╔══

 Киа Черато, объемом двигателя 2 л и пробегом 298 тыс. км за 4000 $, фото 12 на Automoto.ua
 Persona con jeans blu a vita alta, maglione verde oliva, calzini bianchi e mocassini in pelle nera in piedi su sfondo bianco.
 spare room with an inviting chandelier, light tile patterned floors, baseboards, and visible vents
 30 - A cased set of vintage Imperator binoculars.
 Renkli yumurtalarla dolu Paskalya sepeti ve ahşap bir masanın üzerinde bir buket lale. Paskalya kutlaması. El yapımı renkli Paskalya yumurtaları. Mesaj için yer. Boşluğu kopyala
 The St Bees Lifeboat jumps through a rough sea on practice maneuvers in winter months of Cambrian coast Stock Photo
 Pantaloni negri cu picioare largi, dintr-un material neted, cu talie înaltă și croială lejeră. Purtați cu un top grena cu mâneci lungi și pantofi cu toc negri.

╚══

Directions:
Once the line containing "spare room with" has been set down, nothing more is wanted; set down each line of the listing above up to it exactly, starting with the first.

Answer to this problem:
 Киа Черато, объемом двигателя 2 л и пробегом 298 тыс. км за 4000 $, фото 12 на Automoto.ua
 Persona con jeans blu a vita alta, maglione verde oliva, calzini bianchi e mocassini in pelle nera in piedi su sfondo bianco.
 spare room with an inviting chandelier, light tile patterned floors, baseboards, and visible vents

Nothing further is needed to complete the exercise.